>>>
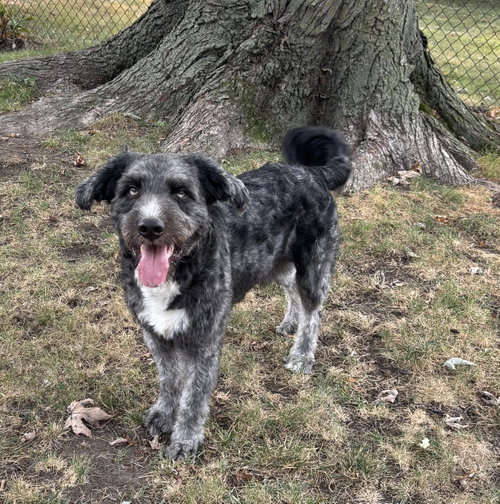 Finn, an adoptable dog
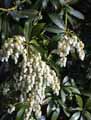 Ericaceae-Pieris-japonica-Andromede-Pieride-du-Japon.jpg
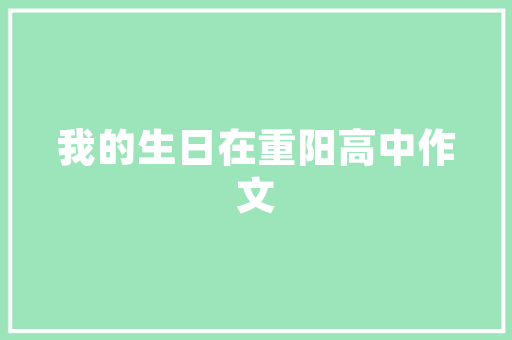 优化洗碗房设计，提升餐厅效率与卫生标准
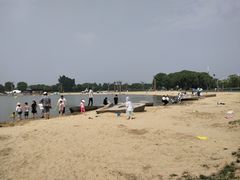 -上海月湖雕塑公园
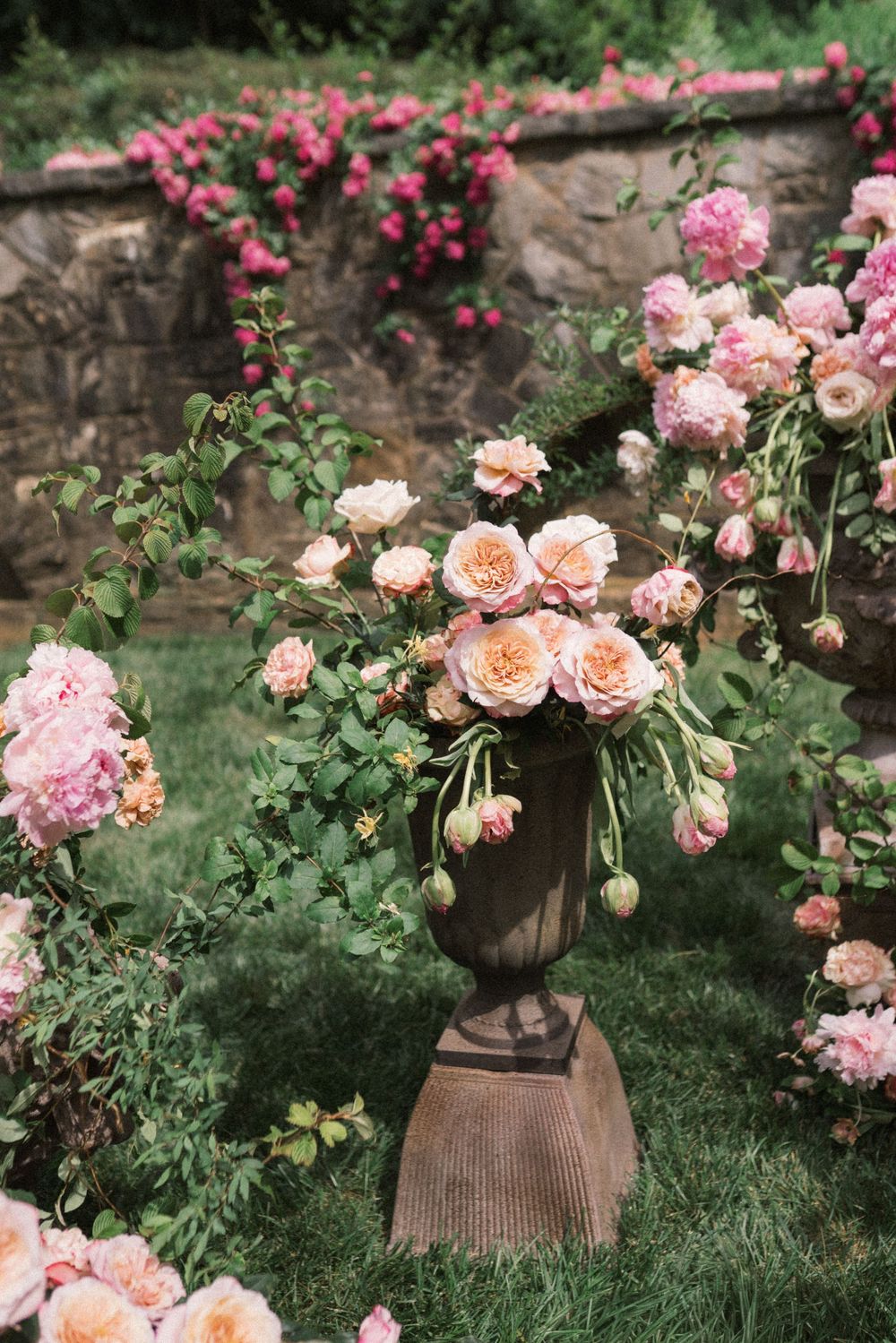 Elegant garden urn overflowing with peach and pink roses, surrounded by climbing roses on stone wall backdrop.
<<<
EXERCISE
Repeat the records word for word, skipping pictures.

RESPONSE TO THE EXERCISE
 Finn, an adoptable dog
 Ericaceae-Pieris-japonica-Andromede-Pieride-du-Japon.jpg
 优化洗碗房设计，提升餐厅效率与卫生标准
 -上海月湖雕塑公园
 Elegant garden urn overflowing with peach and pink roses, surrounded by climbing roses on stone wall backdrop.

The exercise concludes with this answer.